Repeated measures

The split-plot design is helpful when we want to determine the effect of one (or more than one) treatment over time and the same measure is repeated on a unit at different times, as we will show here.

We can consider the unit as the whole plot, while the measurements taken at different times as the sub-plots.

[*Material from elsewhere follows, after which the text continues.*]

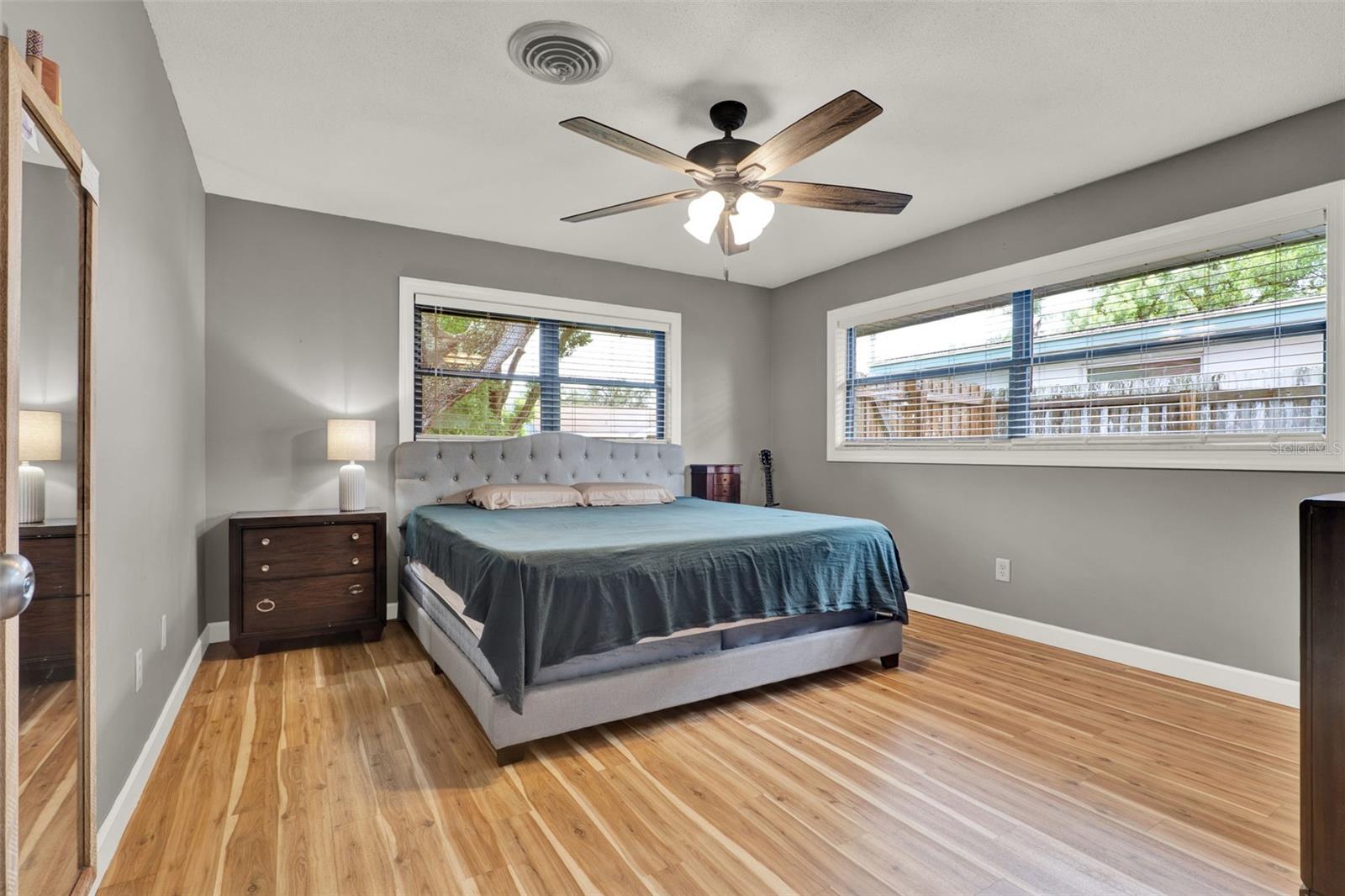 Image 14 of 36 For 1411 Glastonberry Road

Here we will show how to perform this kind of analysis with a dataset coming from the (already cited) Design and Analysis of Experiments with R textbook by John Lawson. The dataset can be found at this link.

import pandas as pd
import seaborn as sns
import numpy as np
import pymc as pm
import arviz as az
import bambi as bmb
from matplotlib import pyplot as plt

rng = np.random.default_rng(42)

kwargs = {'nuts_sampler': 'numpyro', 'random_seed': rng, 'draws': 2000, 'tune': 2000, 'chains': 4, 'target_accept': 0.95,
         'idata_kwargs': dict(log_likelihood = True)}

df = pd.read_csv('/home/stippe/Downloads/dairy.csv')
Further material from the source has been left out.